C = textscan(fid, 'format', N) reads data from the file, reusing the format conversion specifier N times, where N is a positive integer. You can resume reading from the file after N cycles by calling textscan again using the original fid.

C = textscan(fid, 'format', param, value, ...) reads data from the file using nondefault parameter settings specified by one or more pairs of param and value arguments. The section User Configurable Options lists all valid parameter strings, value descriptions, and defaults.

C = textscan(fid, 'format', N, param, value, ...) reads data from the file, reusing the format conversion specifier N times, and using nondefault parameter settings specified by pairs of param and value arguments.

C = textscan(str, ...) reads data from string str in exactly the same way as it does when reading from a file. You can use the format, N, and parameter/value arguments described above with this syntax. Unlike when reading from a file, if you call textscan more than once on the same string, it does not resume reading where the last call left off but instead reads from the beginning of the string each time.

[C, position] = textscan(...) returns the location of the file or string position as the second output argument. For a file, this is exactly equivalent to calling ftell(fid) after making the call to textscan. For a string, it indicates how many characters were read.

The Difference Between the textscan and textread Functions

The textscan function differs from textread in the following ways:

Field Delimiters

The textscan function sees a text file as a collection of blocks. Each block consists of a number of internally consistent fields. Each field consists of a group of characters delimited by a field delimiter character. Fields can span a number of rows. Each row is delimited by an end-of-line (EOL) character sequence.

The default field delimiter is the white-space character, (i.e., any character that returns true from a call to the isspace function). You can set the delimiter to a different character by specifying a 'delimiter' parameter in the textscan command (see User Configurable Options). If a nondefault delimiter is specified, repeated delimiter characters are treated as separate delimiters. When using the default delimiter, repeated white-space characters are treated as a single delimiter.

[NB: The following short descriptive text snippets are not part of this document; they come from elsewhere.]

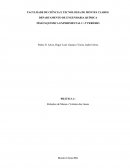 Relatório Experimental - Relações de massa e volume dos gases.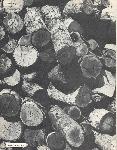 Kubasaki Torii - Okinawa School - Yearbook
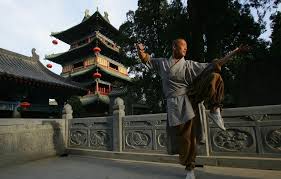 Image result for Shaolin Nam Pai Chuan Kung Fu - Manchester Martial Arts Centre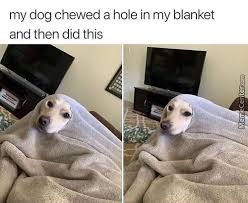 Meme Center Largest Creative Humor Community Funny Animal Jokes Cute Animal Memes Funny Animal Pictures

The default end-of-line character sequence depends on which operating system you are using. You can change the end-of-line setting to a different character sequence by specifying an 'endofline' parameter in the textscan command (see User Configurable Options).

Conversion Specifiers

This table shows the conversion type specifiers supported by textscan.

Specifier

Description

%n

Read a number and convert to double.

%d

Read a number and convert to int32.

%d8

Read a number and convert to int8.

%d16

Read a number and convert to int16.

%d32

Read a number and convert to int32.

%d64

Read a number and convert to int64.

%u

Read a number and convert to uint32.

%u8

Read a number and convert to uint8.

%u16

Read a number and convert to uint16.

%u32

Read a number and convert to uint32.

%u64

Read a number and convert to uint64.

%f

Read a number and convert to double.

%f32

Read a number and convert to single.

%f64

Read a number and convert to double.

%s

Read a string.

%q

Read a (possibly double-quoted) string.

%c

Read one character, including white space.

%[...]

Read characters that match characters between the brackets. Stop reading at the first nonmatching character. Use %[]...] to include ] in the set.

%[^...]

Read characters that do not match characters between the brackets. Stop reading at the first matching character. Use %[^]...] to exclude ] from the set.

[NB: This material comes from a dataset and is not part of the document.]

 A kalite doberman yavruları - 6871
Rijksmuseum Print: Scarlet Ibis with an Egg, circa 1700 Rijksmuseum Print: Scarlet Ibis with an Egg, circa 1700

%*n...Ignore n characters of the field, where n is an integer less than or equal to the number of characters in the field (e.g., %*4s).

Specifying Field Length

To read a certain number of characters or digits from a field, specify that number directly following the percent sign. For example, if the file you are reading contains the string

'Blackbird singing in the dead of night'

then the following command returns only five characters of the first field:

C = textscan(fid, '%5s', 1);
C{:}
ans =
   'Black'

If you continue reading from the file, textscan resumes the operation at the point in the string where you left off. It applies the next format specifier to that portion of the field. For example, execute this command on the same file:

C = textscan(fid, '%s %s', 1);

textscan reads starting from where it left off and continues to the next whitespace, returning 'bird'. The second %s reads the word 'singing'.

The results are

C{:}
ans = 
    'bird'
ans = 
    'singing'

Skipping Fields

To skip any field, put an asterisk directly after the percent sign. MATLAB does not create an output cell for any fields that are skipped.

Refer to the example from the last section, where the file you are reading contains the string

'Blackbird singing in the dead of night'

Seek to the beginning of the file and reread the line, this time skipping the second, fifth, and sixth fields:

fseek(fid, 0, -1);
C = textscan(fid, '%s %*s %s %s %*s %*s %s', 1);

C is a cell array of cell arrays, each containing a string. Piece together the string and display it:

str = '';
for k = 1:length(C)
   str = [str char(C{k}) ' '];
   if k == 4,  disp(str),  end
end

Blackbird in the night 

Skipping Literal Strings

In addition to skipping entire fields, you can have textscan skip leading literal characters in a string. Reading a file containing the following data,

Sally    Level1  12.34
Joe      Level2  23.54
Bill     Level3  34.90

this command removes the substring 'Level' from the output and converts the level number to a uint8:

C = textscan(fid, '%s Level%u8 %f');

This returns a cell array C with the second cell containing only the unsigned integers:

C{1} = {'Sally'; 'Joe'; 'Bill'}       class cell
C{2} = [1; 2; 3]                      class uint8
C{3} = [12.34; 23.54; 34.90]          class double

Specifying Numeric Field Length and Decimal Digits

With numeric fields, you can specify the number of digits to read in the same manner described for strings in the section Specifying Field Length. The next example uses a file containing the line

'405.36801 551.94387 298.00752 141.90663'

This command returns the starting 7 digits of each number in the line. Note that the decimal point counts as a digit.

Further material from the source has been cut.